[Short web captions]
----------------

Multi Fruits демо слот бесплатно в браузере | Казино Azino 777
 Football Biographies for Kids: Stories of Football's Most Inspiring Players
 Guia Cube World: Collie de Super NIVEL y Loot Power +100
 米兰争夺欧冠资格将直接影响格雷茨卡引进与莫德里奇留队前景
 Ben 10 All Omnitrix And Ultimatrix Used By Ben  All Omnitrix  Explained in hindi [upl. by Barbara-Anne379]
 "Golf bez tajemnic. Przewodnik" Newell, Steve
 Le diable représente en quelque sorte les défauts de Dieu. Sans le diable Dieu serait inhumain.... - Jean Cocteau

----------------

[What the exercise asks]
Return all the data above, unaltered and complete.

[The completed task]
Multi Fruits демо слот бесплатно в браузере | Казино Azino 777
 Football Biographies for Kids: Stories of Football's Most Inspiring Players
 Guia Cube World: Collie de Super NIVEL y Loot Power +100
 米兰争夺欧冠资格将直接影响格雷茨卡引进与莫德里奇留队前景
 Ben 10 All Omnitrix And Ultimatrix Used By Ben  All Omnitrix  Explained in hindi [upl. by Barbara-Anne379]
 "Golf bez tajemnic. Przewodnik" Newell, Steve
 Le diable représente en quelque sorte les défauts de Dieu. Sans le diable Dieu serait inhumain.... - Jean Cocteau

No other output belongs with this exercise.